Wednesday 1 April 2015

GEORGIA: RISE AND SHINE

onathan Bastable got to know Georgia when it was a sleepy Soviet republic. Returning for the first time since independence, he finds it in feisty form, with a new, bright-eyed, savvy style. Photographs by Tom Parker
In the highlands of Kazbegi, mornings are the best time of day. The Russian poet Boris Pasternak, who loved the Caucasus, compared this rocky part of Georgia to a 'great rumpled bed'. And it is quite a thing to wake up at cock's crow and, from the comfort of your own rumpled bed, to look out across the valley to the lonely Church of the Trinity on the nearest peak. The distant chapel has the distinctively Georgian spire: an inverted cone, like the upturned tip of a brand-new crayon. The adjacent bell tower has the same pointed lid on it, and together they look like salt and pepper pots placed on a flowing green tablecloth.

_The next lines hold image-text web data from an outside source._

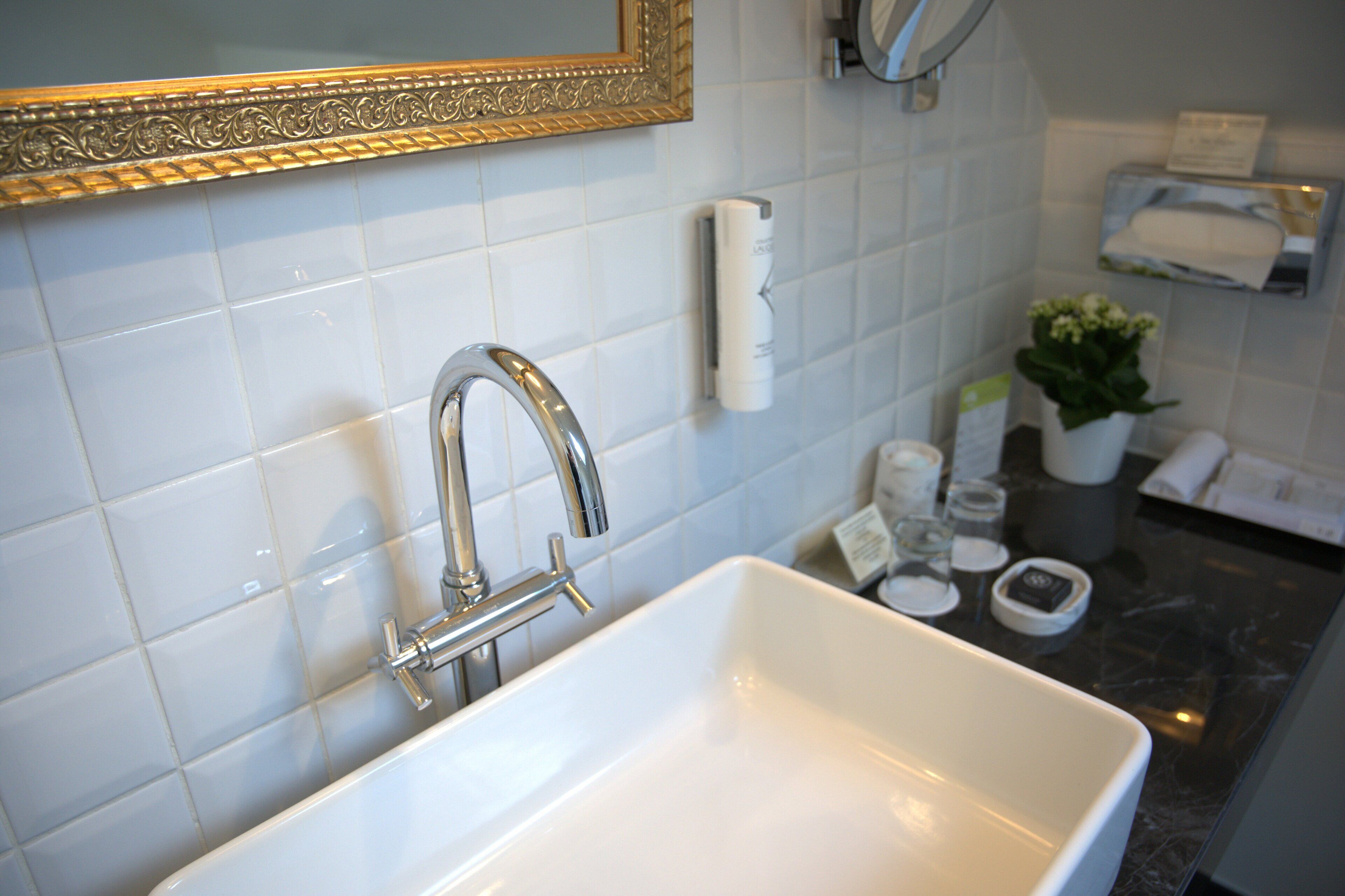 A bathroom with a white sink, a gold-framed mirror, and a towel rack.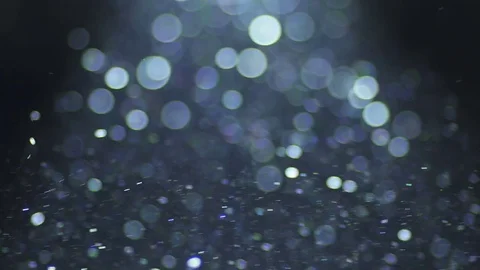 The bright projector light with dust particle stream. Macro close up view Stock Footage 69756701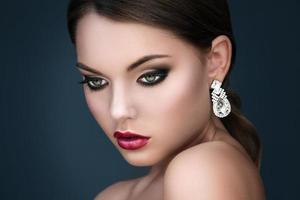 Portrait of young beautiful woman with beautiful earrings photo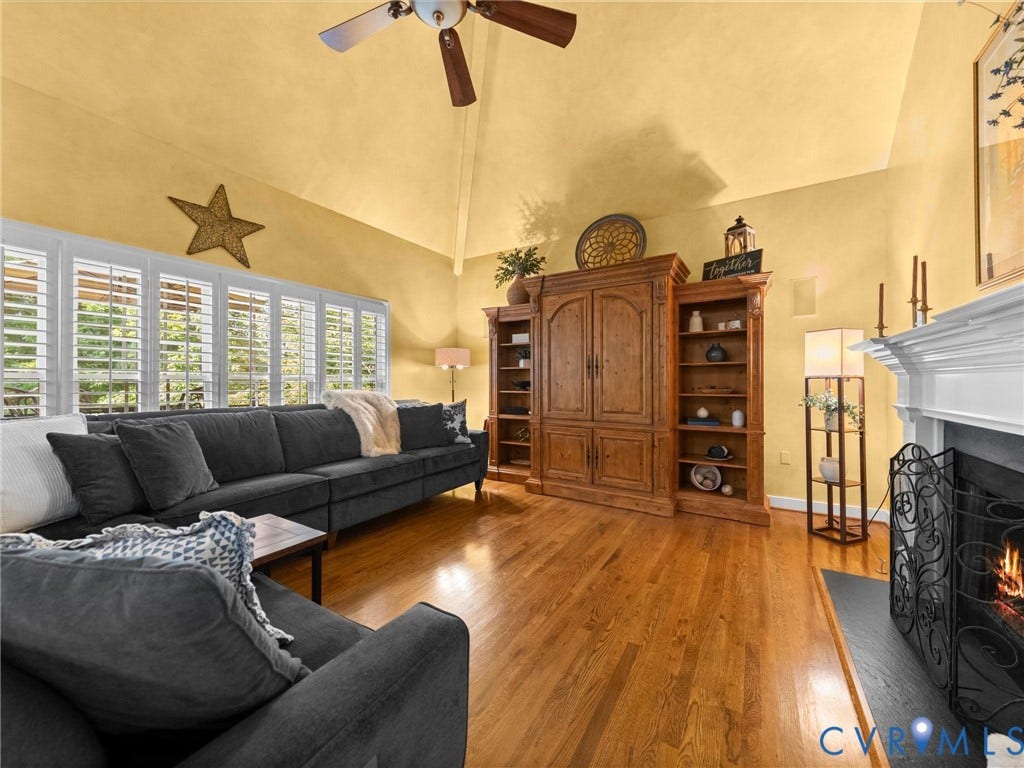 15706 Fox Marsh Drive, Moseley, VA 23120 Vaulted ceilings with a ceiling fan, hardwood flooring, multiple windows with white shutters, built-in wooden shelving, and a fireplace with a white mantel and black hearth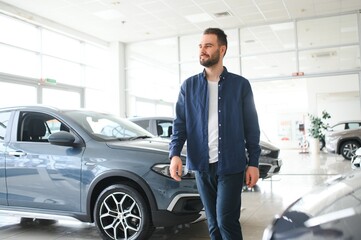 Handsome bearded buyer in casual wear in dealership, guy standing near car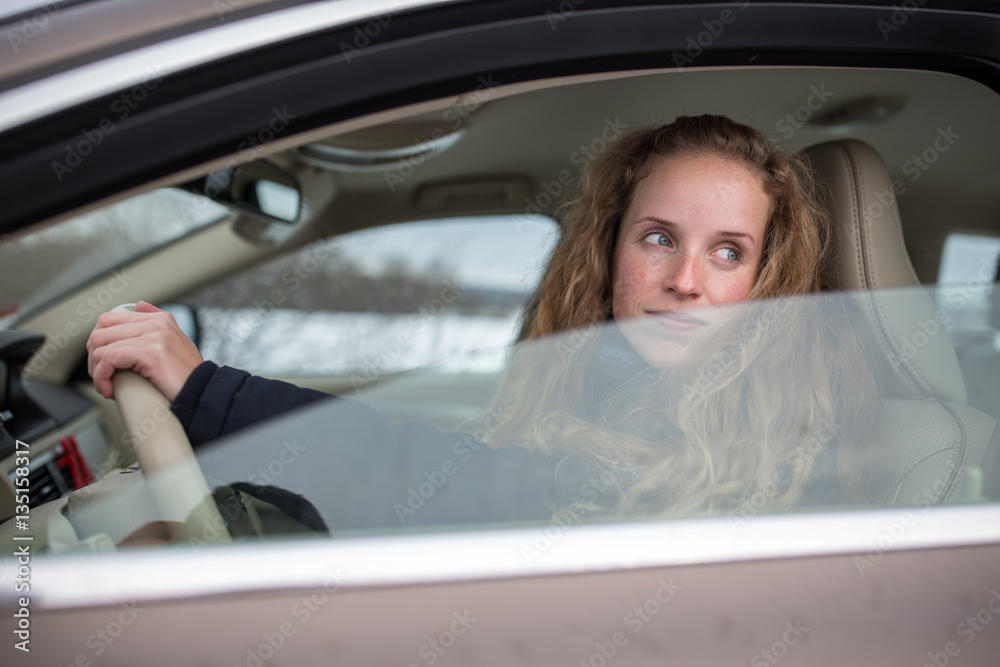 Pretty young woman driving her new car Pretty young woman driving her new car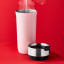 Le Creuset On The Go Vacuum-Insulated Stainless Steel Travel Mug, 350ml - Shell Pink with hot water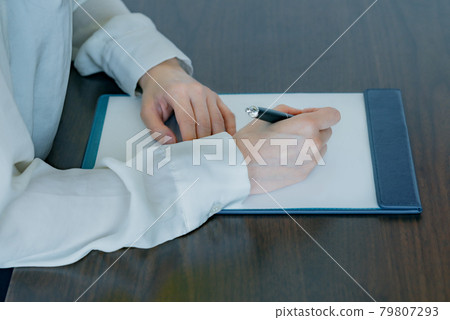 一個年輕女子的手在剪貼板上寫下附件 79807293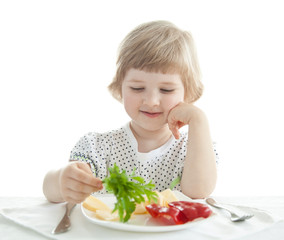 Pretty little girl demonstrating fresh parsley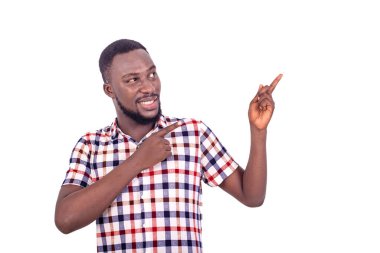 Beyaz arka planda duran bez gömlekli yakışıklı genç bir adam gülümserken parmak hareketleriyle bir şey gösteriyor..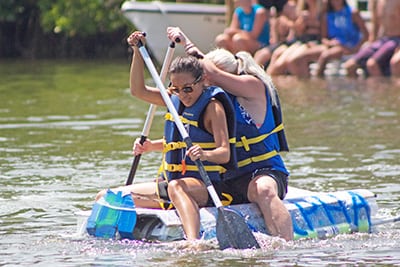 Students paddling the raft they made for the race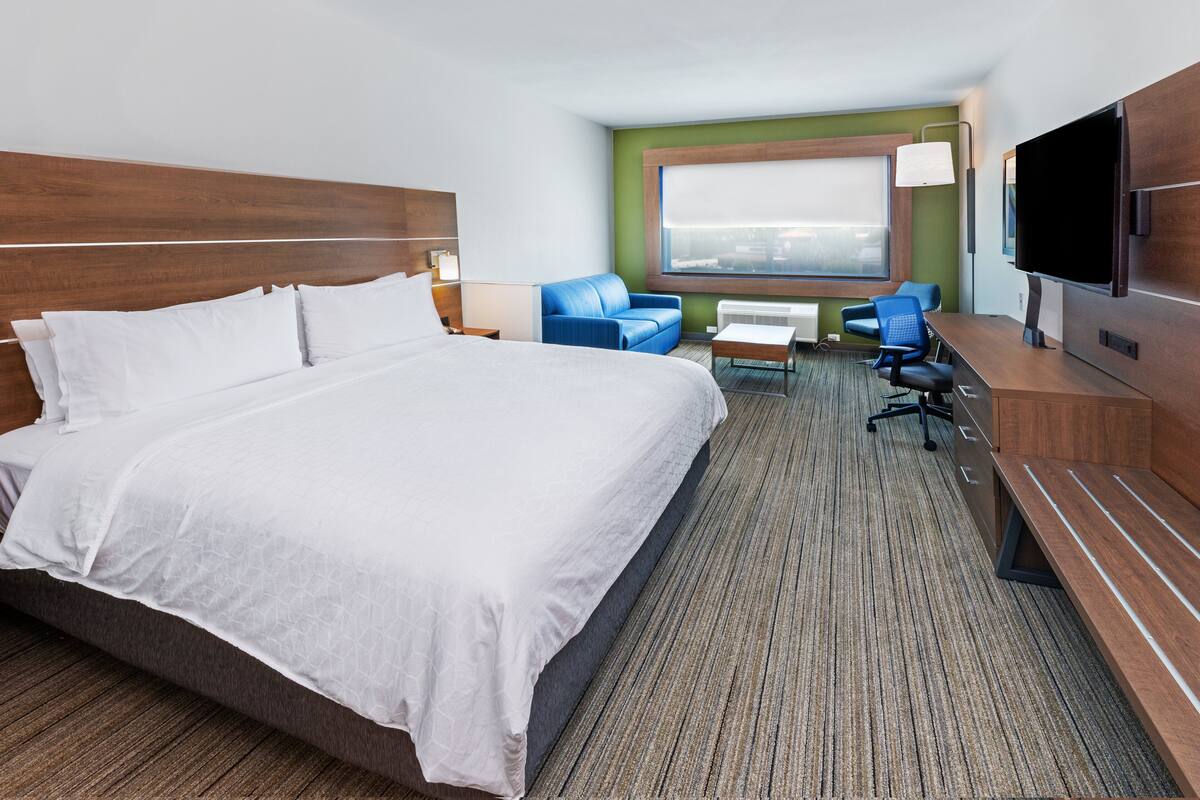 Ein Hotelzimmer mit einem großen Bett, einem Schreibtisch mit Stuhl, einem Fernseher und einem Fenster mit Ausblick.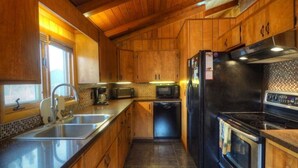 A compact kitchen with wooden cabinets, a stainless steel sink, a microwave, a refrigerator, and a stove. - RMNP,Longs Peak Views,Fireplace,Grill,Deck,Mtn Neighborhood Above Estes Park (Estes Park)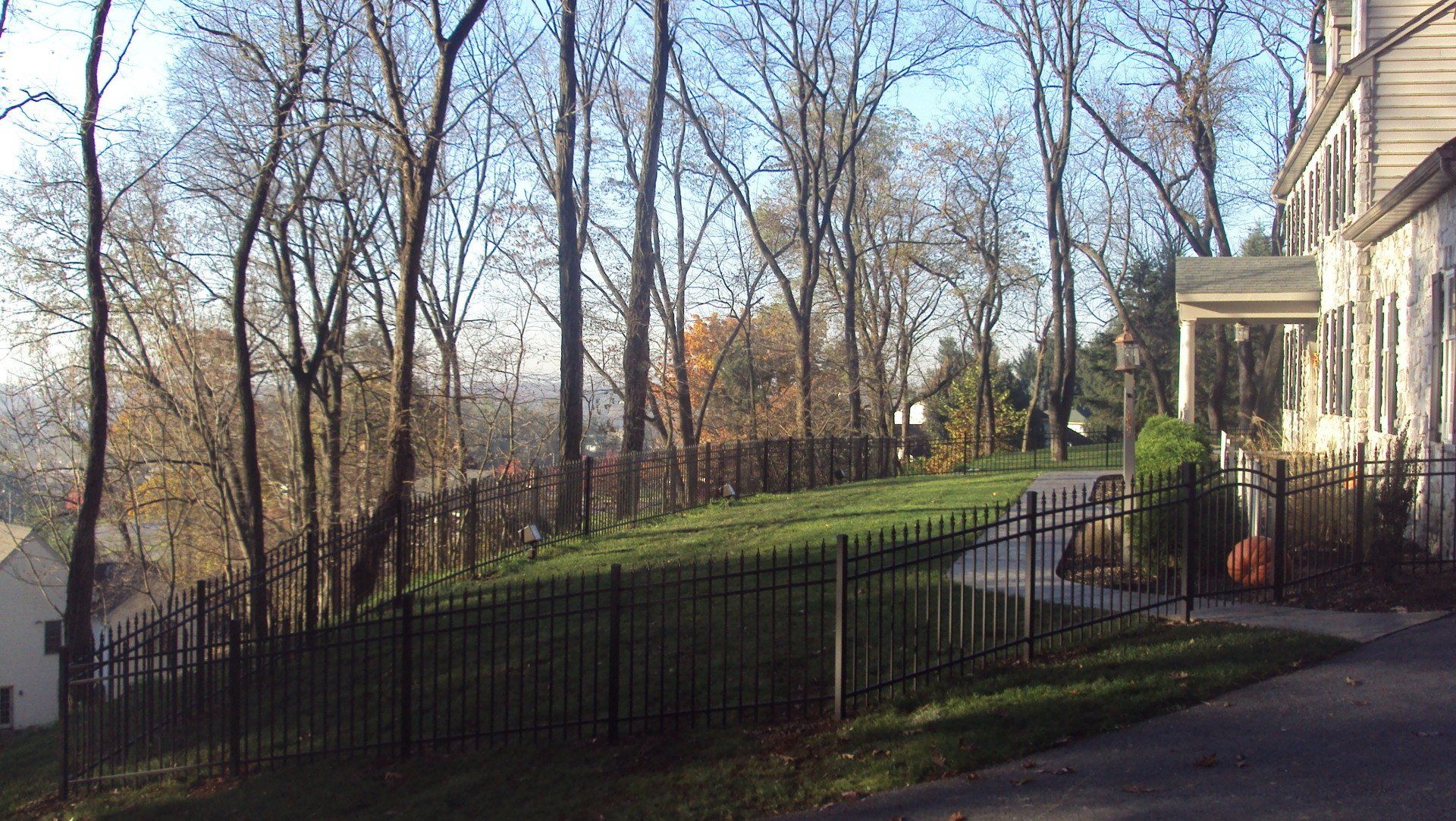 Black metal fence bordering a grassy hill with trees and a house on a sunny day.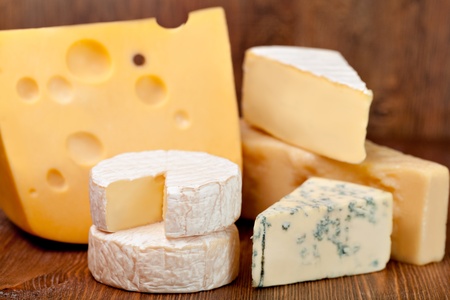 delicious cheese on a wooden tableの写真素材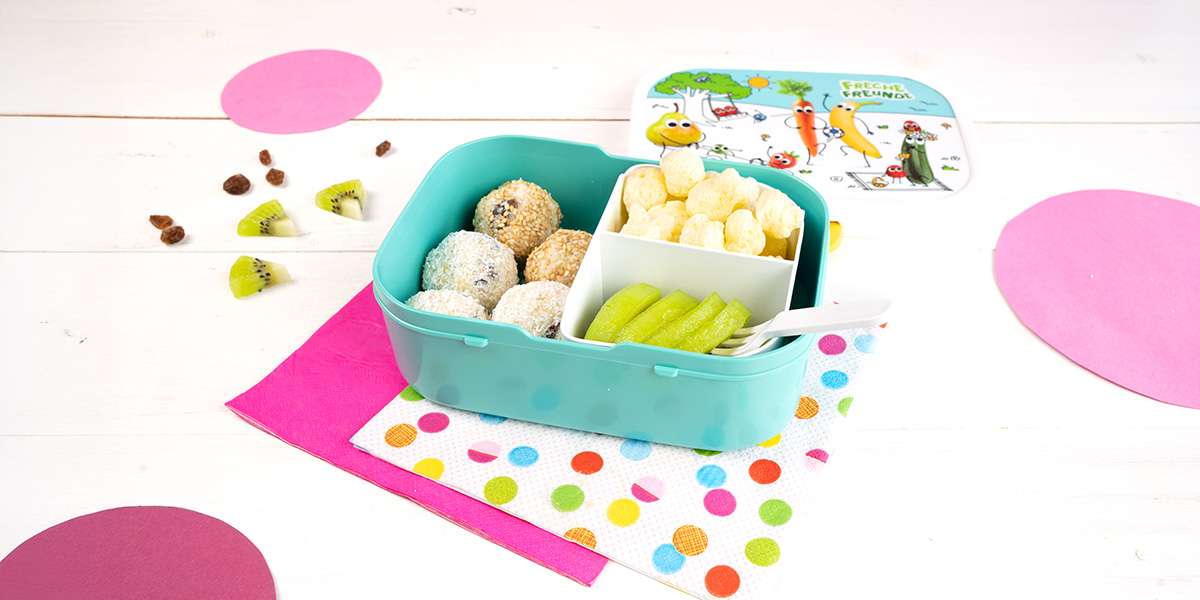 Freche Freunde Brotdose gefüllt mit Mandel Kokos Bällchen, Kiwi Scheiben und Party Pops Popcorn. Darunter liegen bunte Servietten. Der Deckel der Brotdose ist mit der Freche Freunde Welt bedruckt.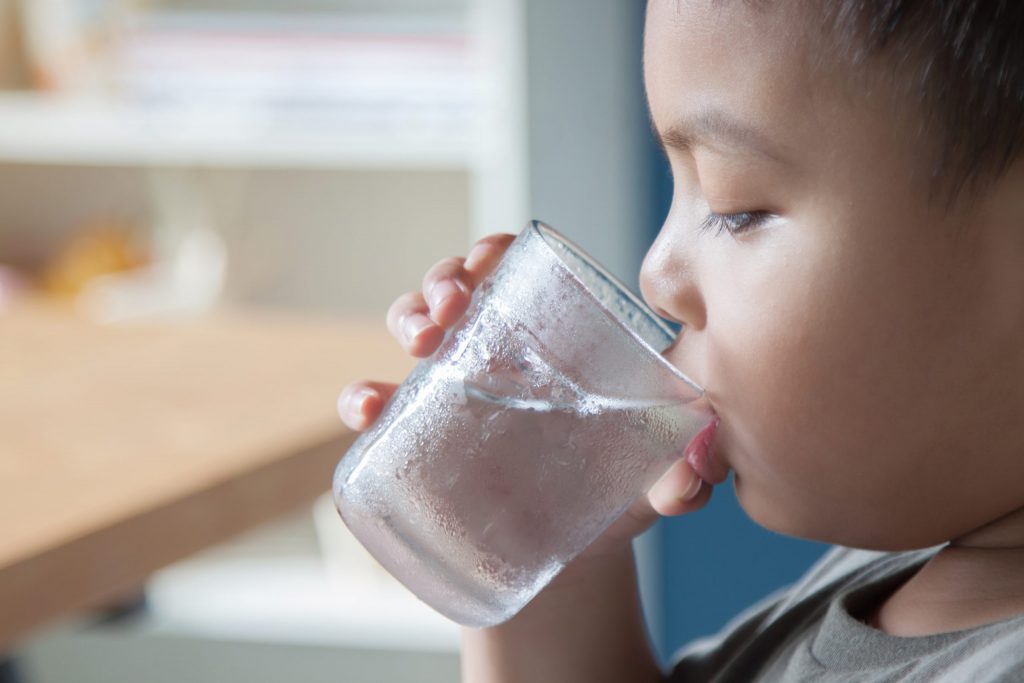 Child drinking water.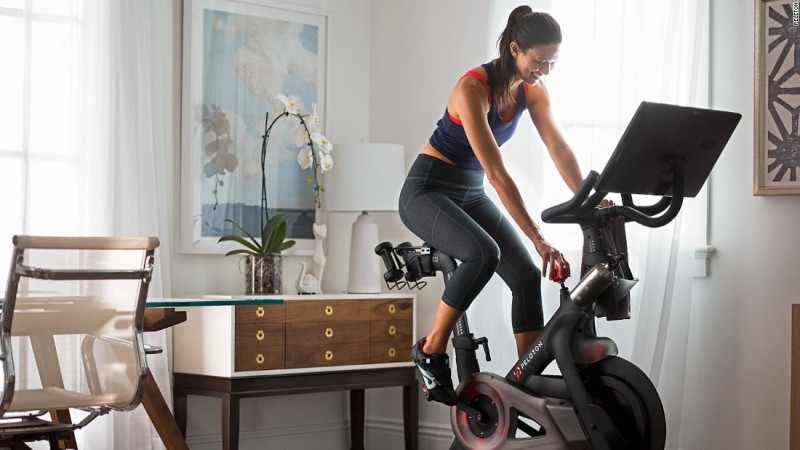 Woman on Peloton bike in living room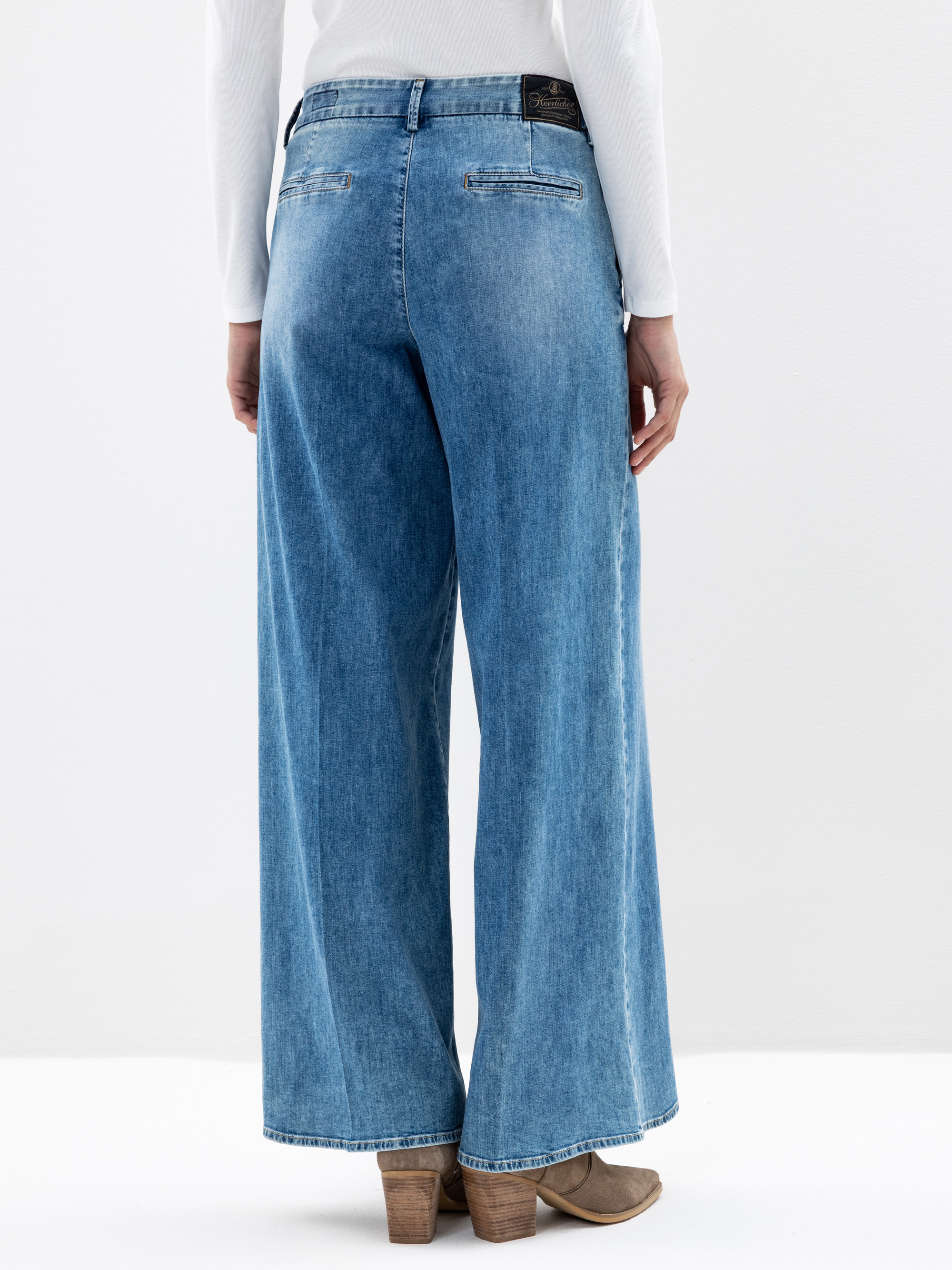 Eine Person trägt eine blaue Jeans mit weitem Bein und hellbraune Schuhe mit Absätzen, von hinten gesehen. Die Jeans hat Gesäßtaschen und ein dunkles Etikett am Bund. Die Person trägt außerdem ein weißes langärmeliges Oberteil.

The Caucasian uplands are craggier, more flinty than the Alps or Pyrenees. Their pikes and ridges are as sharp and dangerous as the blade of a shashka - the 'long knife' wielded by the Circassian tribesmen who once populated this country. The mountains are so tightly packed they seem to be jostling for space. The taller ones stand at the back, like children in a class photo - and, like some schoolchildren, they often have their heads in the clouds. Ah, but when those clouds part and the summit of Mount Kazbek appears, you know why this part of the world so captivates visitors, and why Georgians insist that their homeland is a God-given corner of paradise. Kazbek at dawn is a superb sight: a soaring white crest that (it has been said) resembles a cardinal's hat. When the risen sun shines directly on its snowy east face, the mountain blazes like a searchlight, and is almost too bright to look at.